User confirms phase is complete.


Acceptance Criteria

  • Variable set is down from 8 to 5: CLIENTID, CLIENTSECRET, TAILNET, OWNER_ID (cluster path) + VM_AUTH_KEY (cloud-init / VM-bootstrap, renamed from TAILSCALE_SECRET)
  • Dead files deleted: 801-setup playbook, 801-setup shell wrapper, 804-delete shell, 805/806 playbooks, 805 j2 manifest, AUTH_KEY service-keys template, internal-ingress doc page
  • TAILSCALE_OPERATOR_PREFIX references gone from non-historical files
  • BASE_DOMAIN_TAILSCALE references gone (rewired to TAILSCALE_TAILNET where needed, deleted otherwise)
  • Legacy ./uis deploy tailscale-tunnel + ./uis tailscale expose/unexpose/verify still work — this plan does not touch the CLI surface
  • Local npm run build succeeds
  • INVESTIGATE-network-tailscale-cross-cluster-backbone.md updated with the merge commit hash for the deleted internal-mode files

Files to Modify

Edit (variable rename + reads):

  • provision-host/uis/templates/secrets-templates/00-common-values.env.template
  • provision-host/uis/templates/secrets-templates/00-master-secrets.yml.template
  • ansible/playbooks/802-deploy-network-tailscale-tunnel.yml
  • ansible/playbooks/803-verify-tailscale.yml
  • ansible/playbooks/801-remove-network-tailscale-tunnel.yml
  • manifests/800-tailscale-operator-config.yaml.j2
  • manifests/803-tailscale-cluster-ingress.yaml.j2
  • networking/tailscale/802-tailscale-tunnel-deploy.sh
  • networking/tailscale/803-tailscale-tunnel-deletehost.sh
  • website/docs/networking/tailscale-setup.md
  • website/docs/networking/tailscale-network-isolation.md
  • website/docs/ai-developer/plans/backlog/INVESTIGATE-network-tailscale-cross-cluster-backbone.md (commit hash update)

Delete:

  • ansible/playbooks/801-setup-network-tailscale-tunnel.yml
  • ansible/playbooks/805-deploy-tailscale-internal-ingress.yml
  • ansible/playbooks/806-remove-tailscale-internal-ingress.yml
  • manifests/805-tailscale-internal-ingress.yaml.j2
  • networking/tailscale/801-tailscale-tunnel-setup.sh
  • networking/tailscale/804-tailscale-tunnel-delete.sh
  • provision-host/uis/templates/uis.secrets/service-keys/tailscale.env.template
  • website/docs/networking/tailscale-internal-ingress.md

Implementation Notes

  • Order matters within Phase 2. If TAILSCALE_DOMAIN reads are replaced with TAILSCALE_TAILNET before the variable is removed from the templates, the deploy paths keep working; reversing the order leaves a window where deploys fail.
  • BASE_DOMAIN_TAILSCALE audit may surface surprises.

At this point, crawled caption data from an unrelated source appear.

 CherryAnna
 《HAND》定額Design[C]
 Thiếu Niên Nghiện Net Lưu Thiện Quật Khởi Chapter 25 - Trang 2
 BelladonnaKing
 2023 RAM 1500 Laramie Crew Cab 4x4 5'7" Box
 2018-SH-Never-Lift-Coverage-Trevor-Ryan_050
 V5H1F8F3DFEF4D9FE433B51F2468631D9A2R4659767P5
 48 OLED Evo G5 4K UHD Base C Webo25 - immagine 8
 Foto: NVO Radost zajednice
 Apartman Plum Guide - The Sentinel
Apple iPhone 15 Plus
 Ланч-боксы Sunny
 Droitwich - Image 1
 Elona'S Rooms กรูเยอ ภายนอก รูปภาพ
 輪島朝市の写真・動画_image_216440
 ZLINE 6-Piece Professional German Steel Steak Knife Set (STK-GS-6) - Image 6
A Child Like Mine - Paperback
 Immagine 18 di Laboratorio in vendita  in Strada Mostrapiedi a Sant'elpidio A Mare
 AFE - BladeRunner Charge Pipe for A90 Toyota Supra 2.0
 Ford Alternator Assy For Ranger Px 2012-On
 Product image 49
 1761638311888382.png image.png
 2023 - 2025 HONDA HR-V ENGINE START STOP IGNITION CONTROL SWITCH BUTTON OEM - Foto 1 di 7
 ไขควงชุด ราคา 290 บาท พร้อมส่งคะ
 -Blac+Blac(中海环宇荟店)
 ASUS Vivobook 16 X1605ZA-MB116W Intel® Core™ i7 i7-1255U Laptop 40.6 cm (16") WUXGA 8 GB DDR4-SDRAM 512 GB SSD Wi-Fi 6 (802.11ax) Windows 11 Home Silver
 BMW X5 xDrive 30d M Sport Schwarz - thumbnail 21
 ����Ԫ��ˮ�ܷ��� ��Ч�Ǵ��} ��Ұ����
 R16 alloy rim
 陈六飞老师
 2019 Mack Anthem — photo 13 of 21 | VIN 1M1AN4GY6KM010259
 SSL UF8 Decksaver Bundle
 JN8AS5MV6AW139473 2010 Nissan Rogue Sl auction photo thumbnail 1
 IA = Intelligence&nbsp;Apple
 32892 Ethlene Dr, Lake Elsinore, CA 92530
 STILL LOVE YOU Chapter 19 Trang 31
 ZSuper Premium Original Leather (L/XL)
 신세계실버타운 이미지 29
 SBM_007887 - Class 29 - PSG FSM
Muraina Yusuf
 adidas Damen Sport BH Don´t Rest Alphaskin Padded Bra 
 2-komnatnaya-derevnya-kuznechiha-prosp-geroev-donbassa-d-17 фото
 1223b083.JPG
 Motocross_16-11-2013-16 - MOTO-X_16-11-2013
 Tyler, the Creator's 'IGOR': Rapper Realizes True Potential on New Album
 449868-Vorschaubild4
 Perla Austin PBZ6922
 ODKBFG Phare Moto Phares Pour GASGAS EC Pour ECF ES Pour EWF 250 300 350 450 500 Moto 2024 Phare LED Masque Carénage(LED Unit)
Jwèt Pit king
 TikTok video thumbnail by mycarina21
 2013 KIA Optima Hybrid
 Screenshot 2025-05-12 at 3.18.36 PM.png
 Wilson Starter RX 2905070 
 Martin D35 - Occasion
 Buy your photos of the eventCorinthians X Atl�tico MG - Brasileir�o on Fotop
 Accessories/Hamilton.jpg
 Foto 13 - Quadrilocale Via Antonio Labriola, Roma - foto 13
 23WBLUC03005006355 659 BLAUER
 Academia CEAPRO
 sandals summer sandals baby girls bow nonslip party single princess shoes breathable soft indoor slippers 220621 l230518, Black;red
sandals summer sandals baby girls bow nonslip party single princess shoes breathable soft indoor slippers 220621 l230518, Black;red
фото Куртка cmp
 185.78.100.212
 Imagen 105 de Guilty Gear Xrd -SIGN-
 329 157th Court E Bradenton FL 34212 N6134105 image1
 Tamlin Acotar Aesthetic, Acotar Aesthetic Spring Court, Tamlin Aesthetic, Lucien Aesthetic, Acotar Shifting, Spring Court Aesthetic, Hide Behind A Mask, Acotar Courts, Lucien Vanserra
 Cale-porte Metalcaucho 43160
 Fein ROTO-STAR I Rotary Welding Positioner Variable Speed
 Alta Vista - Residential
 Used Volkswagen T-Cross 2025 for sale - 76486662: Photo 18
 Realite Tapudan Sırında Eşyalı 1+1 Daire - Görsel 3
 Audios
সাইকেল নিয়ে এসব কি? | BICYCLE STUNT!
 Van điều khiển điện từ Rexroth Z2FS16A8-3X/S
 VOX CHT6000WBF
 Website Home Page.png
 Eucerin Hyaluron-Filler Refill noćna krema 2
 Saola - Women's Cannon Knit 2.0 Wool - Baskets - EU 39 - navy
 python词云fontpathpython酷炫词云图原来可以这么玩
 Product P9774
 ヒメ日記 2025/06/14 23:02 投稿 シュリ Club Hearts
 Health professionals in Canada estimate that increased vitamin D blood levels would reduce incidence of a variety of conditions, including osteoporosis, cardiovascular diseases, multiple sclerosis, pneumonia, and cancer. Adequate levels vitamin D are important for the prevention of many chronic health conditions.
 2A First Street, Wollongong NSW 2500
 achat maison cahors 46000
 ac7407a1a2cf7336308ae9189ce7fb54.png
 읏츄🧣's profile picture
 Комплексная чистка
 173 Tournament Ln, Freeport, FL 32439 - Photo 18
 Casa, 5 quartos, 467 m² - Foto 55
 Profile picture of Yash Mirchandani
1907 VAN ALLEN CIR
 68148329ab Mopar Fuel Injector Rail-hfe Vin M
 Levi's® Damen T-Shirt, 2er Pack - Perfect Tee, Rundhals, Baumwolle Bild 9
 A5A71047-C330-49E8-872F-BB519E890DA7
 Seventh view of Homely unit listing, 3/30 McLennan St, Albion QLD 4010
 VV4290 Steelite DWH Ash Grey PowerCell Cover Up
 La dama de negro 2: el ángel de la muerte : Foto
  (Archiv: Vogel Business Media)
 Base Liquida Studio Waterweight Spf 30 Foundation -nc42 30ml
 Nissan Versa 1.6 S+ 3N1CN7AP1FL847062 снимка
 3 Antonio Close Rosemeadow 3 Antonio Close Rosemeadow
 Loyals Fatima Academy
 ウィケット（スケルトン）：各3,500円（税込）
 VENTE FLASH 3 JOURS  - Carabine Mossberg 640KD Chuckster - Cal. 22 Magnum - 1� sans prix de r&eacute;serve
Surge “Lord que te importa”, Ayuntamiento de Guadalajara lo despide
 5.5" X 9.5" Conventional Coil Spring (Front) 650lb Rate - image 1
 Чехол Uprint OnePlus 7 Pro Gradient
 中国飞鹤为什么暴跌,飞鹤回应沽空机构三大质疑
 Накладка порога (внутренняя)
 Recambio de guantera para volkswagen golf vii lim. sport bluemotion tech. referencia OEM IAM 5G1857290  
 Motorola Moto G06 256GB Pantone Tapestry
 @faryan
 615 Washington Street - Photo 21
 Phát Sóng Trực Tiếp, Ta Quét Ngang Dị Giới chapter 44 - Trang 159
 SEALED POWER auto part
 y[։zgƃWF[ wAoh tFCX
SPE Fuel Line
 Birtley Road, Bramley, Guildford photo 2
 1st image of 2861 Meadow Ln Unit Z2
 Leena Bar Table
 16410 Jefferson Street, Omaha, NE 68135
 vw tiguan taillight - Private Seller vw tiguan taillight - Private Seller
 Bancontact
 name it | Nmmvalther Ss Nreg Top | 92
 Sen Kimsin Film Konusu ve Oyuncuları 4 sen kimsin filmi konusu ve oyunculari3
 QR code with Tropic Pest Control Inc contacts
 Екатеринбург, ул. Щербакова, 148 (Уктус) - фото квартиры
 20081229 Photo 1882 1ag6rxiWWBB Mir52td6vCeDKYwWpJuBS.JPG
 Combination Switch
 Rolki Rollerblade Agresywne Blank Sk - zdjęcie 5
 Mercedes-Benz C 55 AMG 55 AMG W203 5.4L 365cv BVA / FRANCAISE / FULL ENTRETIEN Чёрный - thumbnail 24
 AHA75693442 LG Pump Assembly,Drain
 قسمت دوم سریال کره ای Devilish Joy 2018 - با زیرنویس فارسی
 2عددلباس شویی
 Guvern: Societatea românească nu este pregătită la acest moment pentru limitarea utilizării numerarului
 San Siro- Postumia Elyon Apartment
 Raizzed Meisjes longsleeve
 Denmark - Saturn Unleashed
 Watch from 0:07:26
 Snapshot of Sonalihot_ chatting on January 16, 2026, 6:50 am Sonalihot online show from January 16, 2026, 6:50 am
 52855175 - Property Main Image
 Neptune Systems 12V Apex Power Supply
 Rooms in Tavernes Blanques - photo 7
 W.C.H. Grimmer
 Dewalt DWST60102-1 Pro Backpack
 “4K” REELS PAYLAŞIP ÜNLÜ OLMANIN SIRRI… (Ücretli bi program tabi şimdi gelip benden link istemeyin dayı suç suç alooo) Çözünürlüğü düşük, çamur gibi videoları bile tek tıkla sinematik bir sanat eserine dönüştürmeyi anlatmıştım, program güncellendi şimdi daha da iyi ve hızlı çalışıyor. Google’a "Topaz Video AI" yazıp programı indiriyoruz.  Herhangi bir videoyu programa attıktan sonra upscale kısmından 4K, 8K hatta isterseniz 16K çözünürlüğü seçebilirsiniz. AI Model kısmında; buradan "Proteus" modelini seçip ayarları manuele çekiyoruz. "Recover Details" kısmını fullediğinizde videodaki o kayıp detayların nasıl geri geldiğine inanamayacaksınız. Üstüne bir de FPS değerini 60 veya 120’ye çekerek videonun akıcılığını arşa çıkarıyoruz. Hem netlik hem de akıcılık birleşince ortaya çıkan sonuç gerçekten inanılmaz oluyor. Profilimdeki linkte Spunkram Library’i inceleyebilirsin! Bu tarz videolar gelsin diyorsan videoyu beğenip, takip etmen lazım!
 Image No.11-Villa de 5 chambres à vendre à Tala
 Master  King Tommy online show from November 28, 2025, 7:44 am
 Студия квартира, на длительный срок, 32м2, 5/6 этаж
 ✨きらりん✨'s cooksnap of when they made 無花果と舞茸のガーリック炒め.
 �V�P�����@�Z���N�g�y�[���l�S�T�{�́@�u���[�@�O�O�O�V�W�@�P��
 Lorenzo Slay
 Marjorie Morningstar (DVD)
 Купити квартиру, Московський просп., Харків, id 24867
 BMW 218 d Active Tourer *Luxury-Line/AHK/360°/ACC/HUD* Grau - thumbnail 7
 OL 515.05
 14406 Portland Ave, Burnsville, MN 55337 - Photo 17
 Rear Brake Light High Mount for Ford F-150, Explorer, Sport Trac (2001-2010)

It's a cross-cutting variable possibly used in Traefik IngressRoute YAMLs (not just Tailscale playbooks). Be prepared to find readers in unexpected places. If a reader is for a Cloudflare IngressRoute (matching *.<owned-domain>), leave it alone — the cleanup target is the Tailscale-side reads only.
  • INVESTIGATE-network-tailscale-cross-cluster-backbone.md commit-hash update can be done as a follow-up PR if the original PR merges without it; the cross-cluster doc is in backlog and not blocking.
  • This plan is low risk — pure deletions + a rename. No new code. Legacy CLI unchanged. Should be ~2 hours of mechanical work.